Por Felipe Ribeiro e Antônio Nascimento

Após uma primeira recusa da justiça em conceder a prisão preventiva para seis dos sete policiais militares acusados de explosões a caixas eletrônicos, o delegado Luiz Alberto Cartaxo Moura disse nesta terça-feira (18) que deve fazer um novo pedido até o fim de semana. Segundo o delegado, o Centro de Operações Policiais Especiais (Cope) já concluiu o inquérito e deve encaminhar à justiça nos próximos dias.

“Já temos todos os elementos de prova que propiciem ao Ministério Público oferecer a denúncia comprovando a participação dessas pessoas nas explosões. Isso nos possibilita pedir a prisão preventiva dos 22 já presos e de mais 2 membros da quadrilha. Respeitamos a primeira decisão, mas já temos novos elementos de prova”, disse.

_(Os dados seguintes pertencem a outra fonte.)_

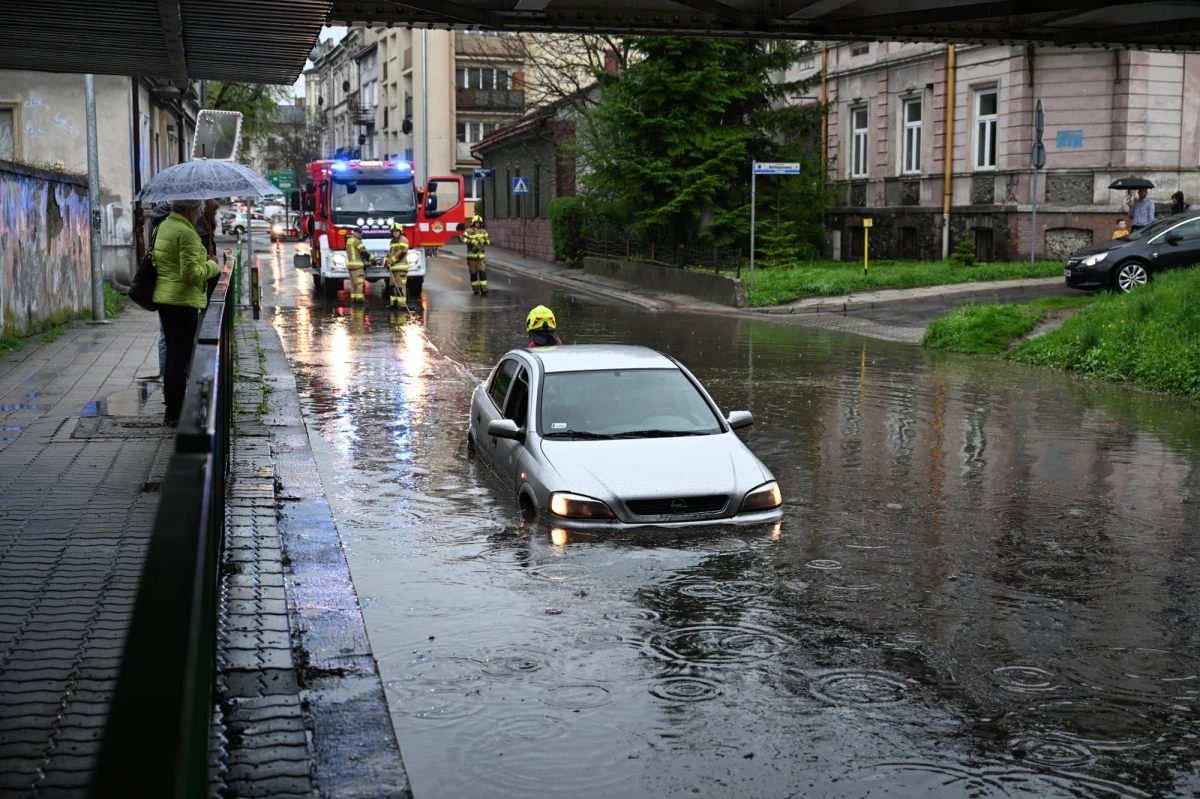 Czy burze, ulewy i gradobicia nie opuszczą nas przez całe Święta Wielkanocne? Według Instytutu Meteorologii i Gospodarki Wodnej, w Wielką Sobotę w ciągu dnia i w Wielkanoc powinno być już spokojniej, choć nadal może padać.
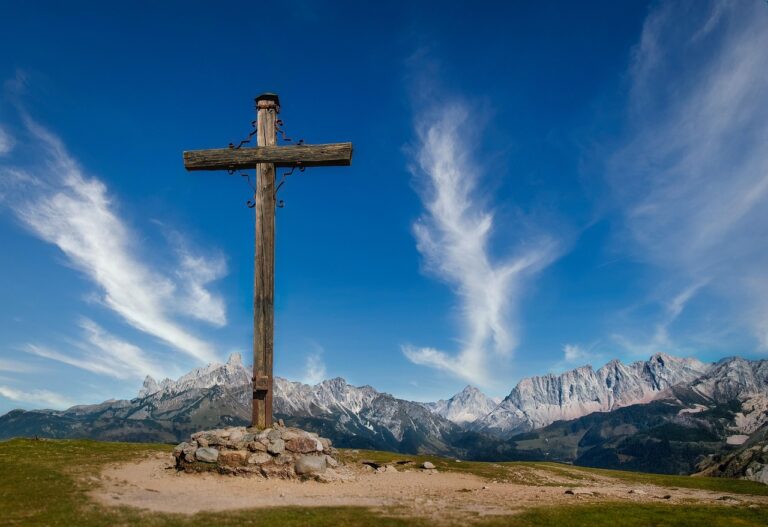 mountain peak, summit cross, cross, mountains, nature, cross, cross, cross, cross, cross-8289759.jpg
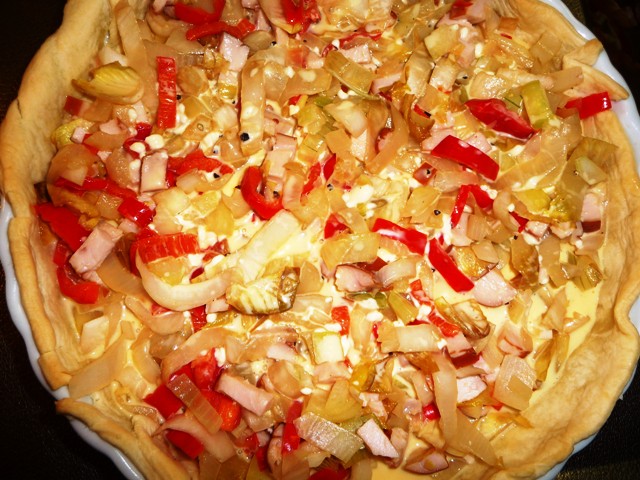 Hartige taart met witlof, paprika en gerookte kip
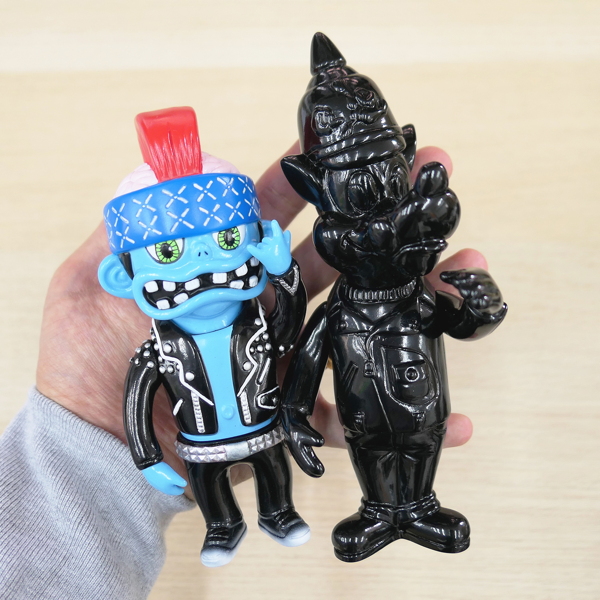 BlackBook ToyでMonster Farm・Chop氏の自身初となるソフビ「Phantom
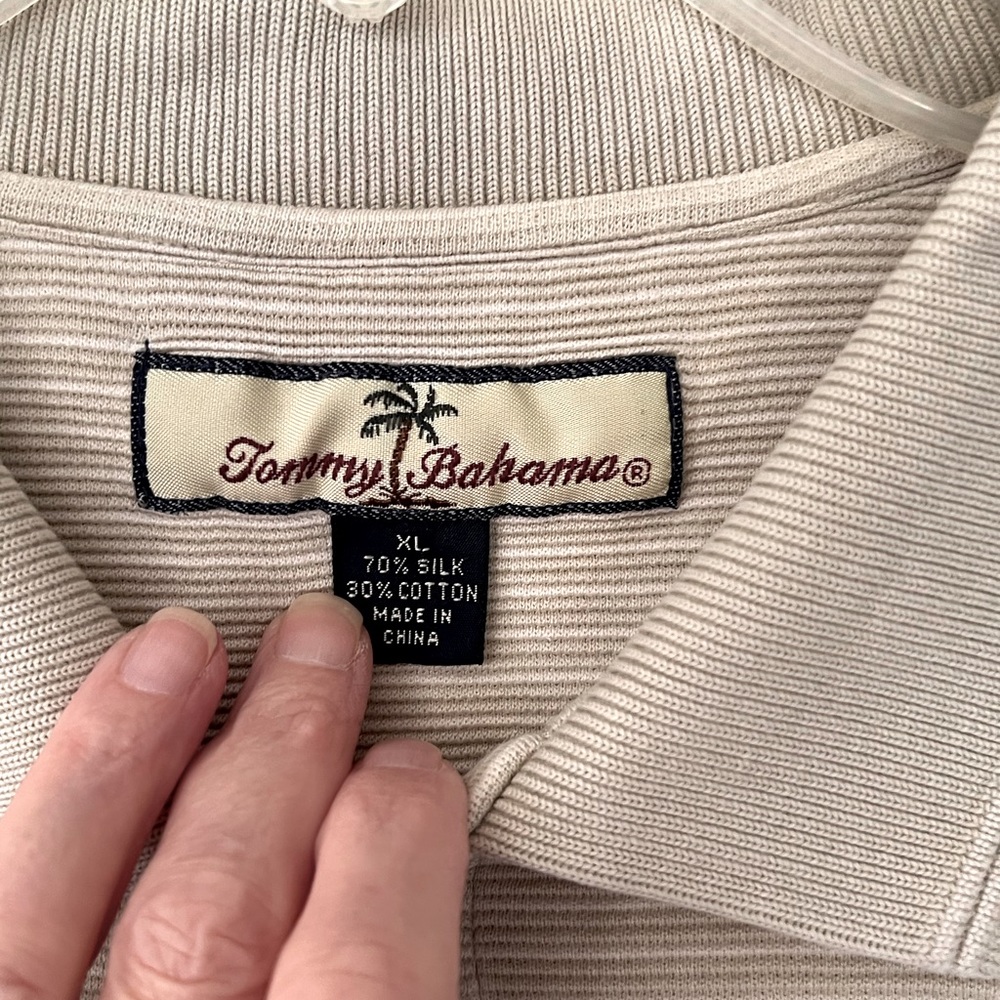 Men’s Tommy Bahama polo - Picture 2 of 3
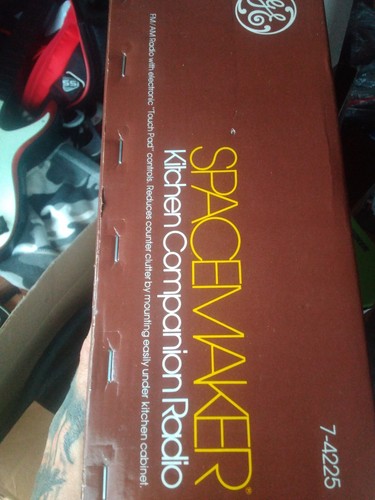 NIB Vintage GE "Spacemaker" KITCHEN CLOCK AM/FM RADIO UnderCabinet 7-4225 - Picture 3 of 5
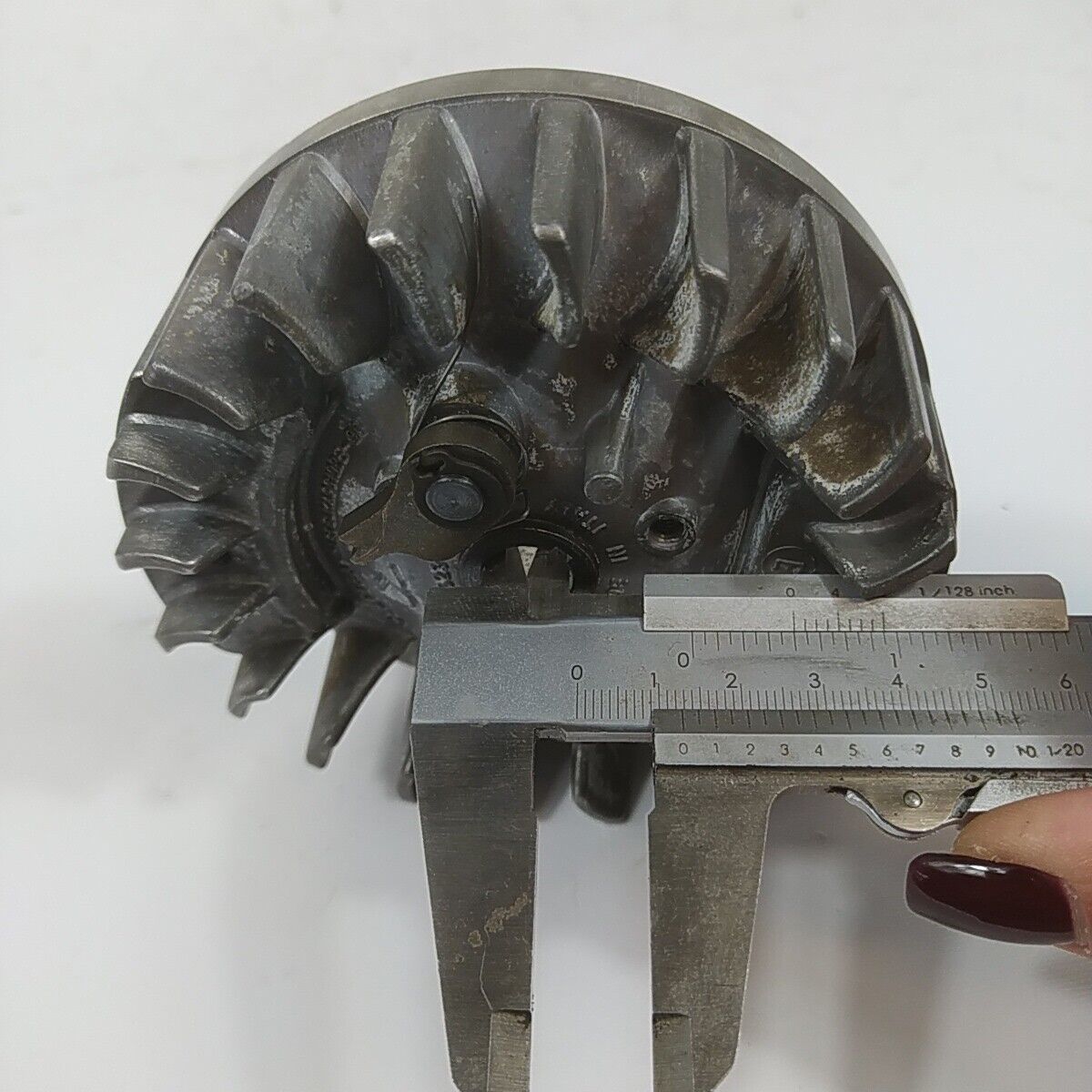 VOLANO MAGNETICO DI AVVIAMENTO per motosega OLEO MAC 350 usato P. N. 5523 V.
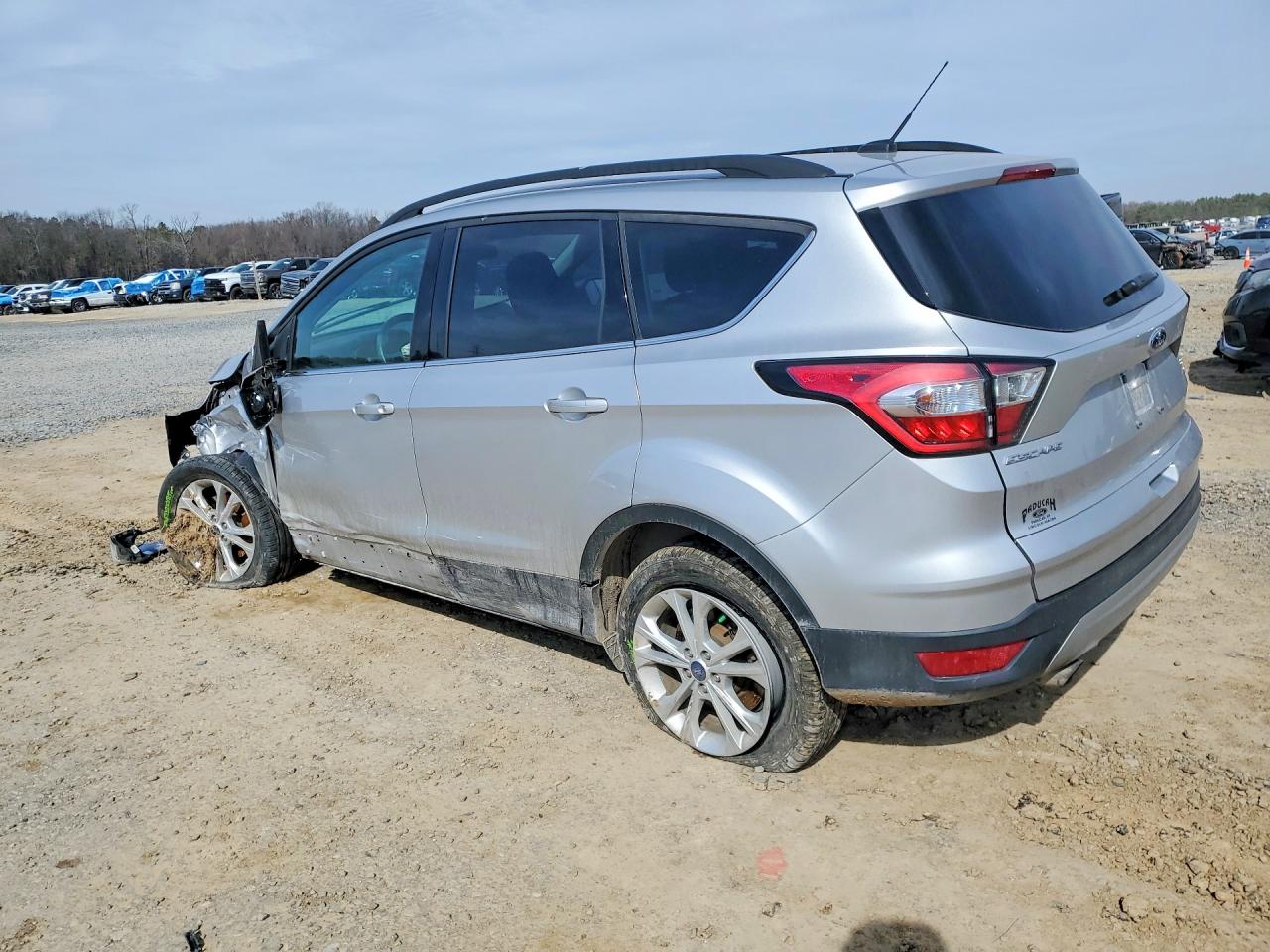 2018 FORD ESCAPE SE photo 3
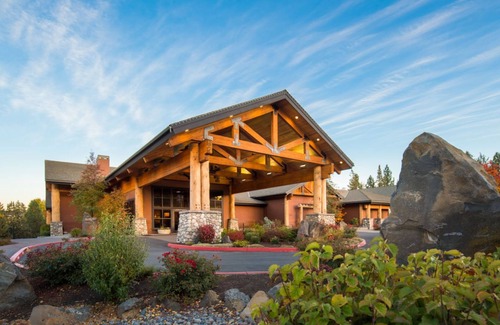 Boyd Acres Apartment | Luxury in Bend, OR | Guestroom + Nature Experience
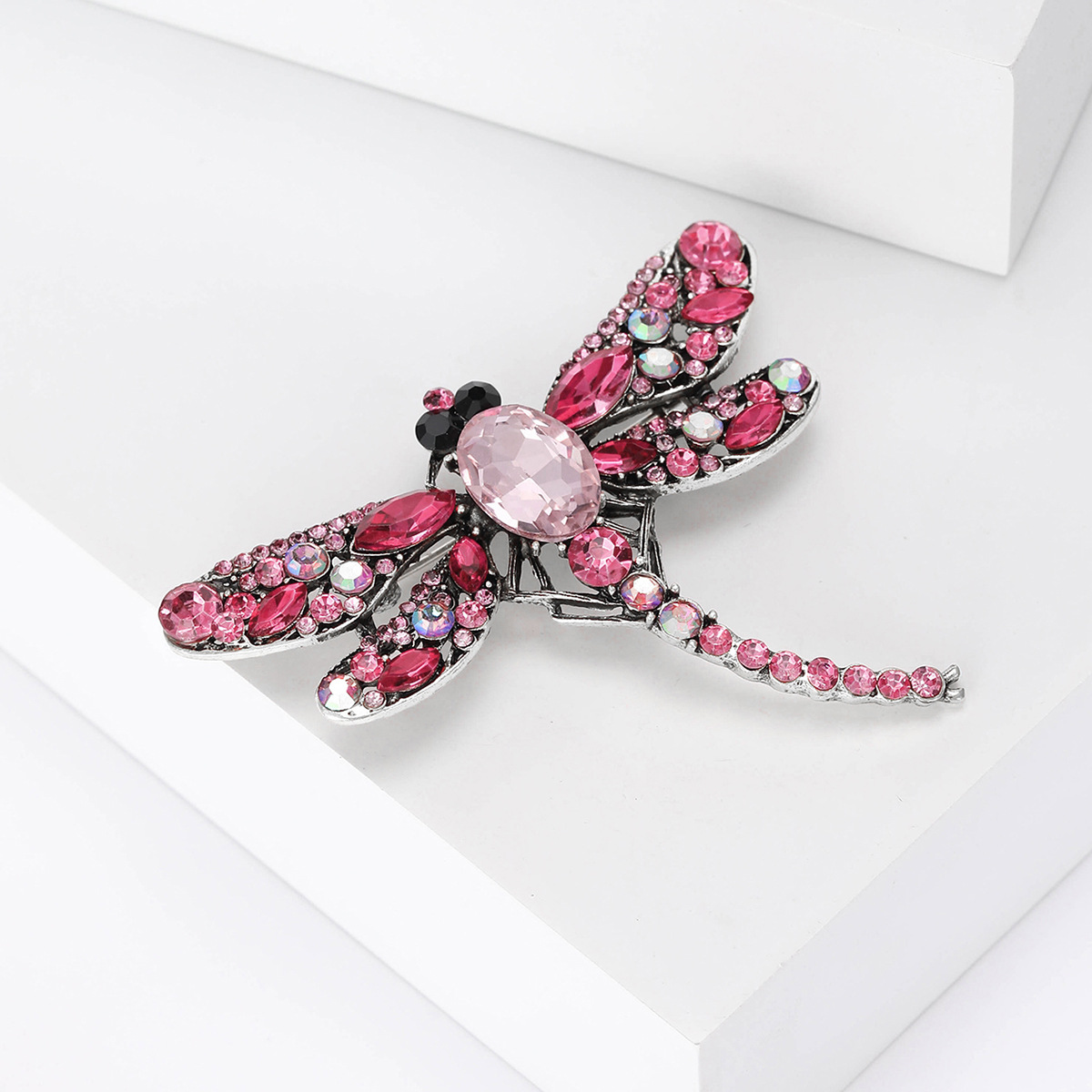 Casual Dragonfly Alloy Women's Brooches display picture 12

Na operação desencadeada no último dia 7 de novembro, foram presas 24 pessoas. Dessas, sete são policiais militares, inclusive com a participação de um oficial. Além de fazerem os arrombamentos, os policias que faziam parte da quadrilha também criavam falsas ocorrências para facilitar a vida dos arrombadores de caixas eletrônicos. “

Na noite da última segunda-feira (17), por volta das 22h, policiais militares do Batalhão de Operações Especiais (Bope) prenderam Adrian Willian Gonçalves Marçal, 22 anos, e Marcos Aurélio Vieira, 35 anos, com explosivos, que provavelmente seriam utilizados na explosão de caixas eletrônicos. Eles foram presos no KM 110 da BR-277, na Cidade Industrial de Curitiba (CIC).

Outro envolvido preso posteriormente foi Celso da Silva Santos, preso dentro de casa em Campo Largo.